Theatre tokens were used to gain regular entry to performances. This token was used by the Countess of Branden (1708-1789), whose name is inscribed on the obverse. We can tentatively date the token between the years 1758-1789, as she was gifted this title following the death of her second husband but it expired on her death. Interestingly, you can see distinctive marks where someone has scratched out the word ‘Countess’.
Photographs of actress Eveleen Rayne as Moya in The Shaughraun, 1890s
17th century plays often featured a stereotypical ‘stage Irishman’ character, usually portrayed mockingly with an indistinguishable accent.

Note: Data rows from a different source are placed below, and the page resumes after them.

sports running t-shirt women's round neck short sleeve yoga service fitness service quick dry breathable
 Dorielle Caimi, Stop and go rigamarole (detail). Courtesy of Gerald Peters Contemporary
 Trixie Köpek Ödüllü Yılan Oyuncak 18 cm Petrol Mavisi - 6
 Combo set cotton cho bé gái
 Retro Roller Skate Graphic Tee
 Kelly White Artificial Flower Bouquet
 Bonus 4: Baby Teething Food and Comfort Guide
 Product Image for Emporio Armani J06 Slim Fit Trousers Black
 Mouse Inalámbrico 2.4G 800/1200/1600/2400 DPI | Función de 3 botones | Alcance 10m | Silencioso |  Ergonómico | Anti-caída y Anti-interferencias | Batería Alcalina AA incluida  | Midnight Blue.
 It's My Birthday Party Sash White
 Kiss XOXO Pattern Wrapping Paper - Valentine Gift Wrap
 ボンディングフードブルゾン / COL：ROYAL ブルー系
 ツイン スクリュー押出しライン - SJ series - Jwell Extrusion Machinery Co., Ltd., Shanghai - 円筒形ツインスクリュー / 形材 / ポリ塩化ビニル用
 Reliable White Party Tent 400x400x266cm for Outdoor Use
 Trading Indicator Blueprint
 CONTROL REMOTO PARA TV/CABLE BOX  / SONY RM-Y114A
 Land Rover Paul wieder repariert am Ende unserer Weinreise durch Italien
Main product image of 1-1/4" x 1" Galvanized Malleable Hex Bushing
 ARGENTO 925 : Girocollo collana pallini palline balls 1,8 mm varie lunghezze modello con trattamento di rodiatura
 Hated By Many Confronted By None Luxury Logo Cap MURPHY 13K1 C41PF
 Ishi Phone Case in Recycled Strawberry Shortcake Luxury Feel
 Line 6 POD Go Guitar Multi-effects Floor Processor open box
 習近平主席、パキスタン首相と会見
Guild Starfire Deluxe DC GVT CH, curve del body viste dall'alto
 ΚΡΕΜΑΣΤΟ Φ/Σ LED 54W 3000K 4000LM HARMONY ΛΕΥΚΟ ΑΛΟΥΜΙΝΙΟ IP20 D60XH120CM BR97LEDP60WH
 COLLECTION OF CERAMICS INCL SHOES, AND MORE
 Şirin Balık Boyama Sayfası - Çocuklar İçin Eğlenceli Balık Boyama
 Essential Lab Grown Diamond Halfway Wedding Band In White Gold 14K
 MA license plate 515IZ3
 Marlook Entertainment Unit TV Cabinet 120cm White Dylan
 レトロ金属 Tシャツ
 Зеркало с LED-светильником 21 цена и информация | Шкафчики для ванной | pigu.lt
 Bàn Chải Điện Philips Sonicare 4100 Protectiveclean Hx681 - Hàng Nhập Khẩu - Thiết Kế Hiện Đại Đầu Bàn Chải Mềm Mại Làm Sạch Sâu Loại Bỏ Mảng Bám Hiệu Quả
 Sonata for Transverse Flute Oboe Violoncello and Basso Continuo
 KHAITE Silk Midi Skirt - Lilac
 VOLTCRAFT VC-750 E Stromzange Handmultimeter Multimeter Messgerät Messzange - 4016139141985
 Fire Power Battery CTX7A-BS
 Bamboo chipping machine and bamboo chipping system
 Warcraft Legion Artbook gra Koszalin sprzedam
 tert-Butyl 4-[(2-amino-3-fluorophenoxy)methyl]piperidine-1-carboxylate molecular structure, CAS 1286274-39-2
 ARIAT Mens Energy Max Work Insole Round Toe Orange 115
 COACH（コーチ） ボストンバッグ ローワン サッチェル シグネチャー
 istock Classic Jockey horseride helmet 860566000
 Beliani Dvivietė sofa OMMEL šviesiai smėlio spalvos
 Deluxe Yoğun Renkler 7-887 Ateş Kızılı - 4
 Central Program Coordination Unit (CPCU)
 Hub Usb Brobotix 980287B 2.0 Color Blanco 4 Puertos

Irish playwrights began to subvert this stereotype in the late 18th century.
In the 19th century, playwright Dion Boucicoult wrote The Shaughraun (first performed in 1874), breaking new ground by exploring Irish identity and portraying lower-class Irishmen. The title translates from the Irish as ‘errant’ or ‘wanderer’. The character Conn – the ‘Shaughraun’ of the title – is described as ‘the Soul of every Fair, the Life of every Funeral, the First Fiddle at all weddings and patterns’.
Royalty notes for the production of Arms and the Man at Abbey Theatre Dublin, 1916
George Bernard Shaw was an Irish playwright who had an incalculable influence on British theatre. His most famous plays include Mrs Warren’s Profession and Pygmalion. He joins the pantheon of great 20th century Irish playwrights along with Oscar Wilde, Samuel Beckett, J. M. Synge, Sean O’Casey and William Butler Yeats.
These receipts record the October 1916 production of Arms and the Man at the Abbey Theatre, Ireland’s national theatre in Dublin. It followed a revival of Shaw’s John Bull’s Other Island in September.
This season drew significant praise and attention following the Easter Rising in April 1916. Shaw had publicly criticised the British government’s execution of the Easter revolutionaries and referred to it as ‘terrorism’. His plays were re-appraised as nationalist by Dublin audiences.
Set design by Sean Kenny for The Hostage at Theatre Royal Stratford East ,1958
The Hostage is a play written by Brendan Behan, loosely translated from his one-act Gaelic play titled An Giall (first performed in Dublin). This was its London premiere at the Theatre Royal Stratford East. It follows the story of Leslie Williams, a British soldier captured in Northern Island and held ‘hostage’ in a brothel in Dublin, while news reaches the various inhabitants of the house that an 18-year-old IRA member in Belfast has been executed.
This set design is part of the Sean Kenny Archive, which covers Kenny’s career in the 1960s and 1970s. A prolific artist, the County-Tipperary-born designer came to London in 1957 to begin his stage design career, winning a Tony Award for his designs for Oliver! In 1960.
Poster for Medea, 2000
The founding of the Abbey Theatre in 1904 by Lady Augusta Gregory and William Butler Yeats was a ground-breaking attempt to take control of the Irish stage image. Over the last hundred or so years, the Abbey has developed an international touring programme and global repertoire of plays.
This production of Medea, directed by Deborah Warner and starring Fiona Shaw, was first performed at the Abbey in 2000. Its critically acclaimed reception saw it transferred to London’s West End and then on to Broadway where Shaw received a Tony award nomination for Best Actress.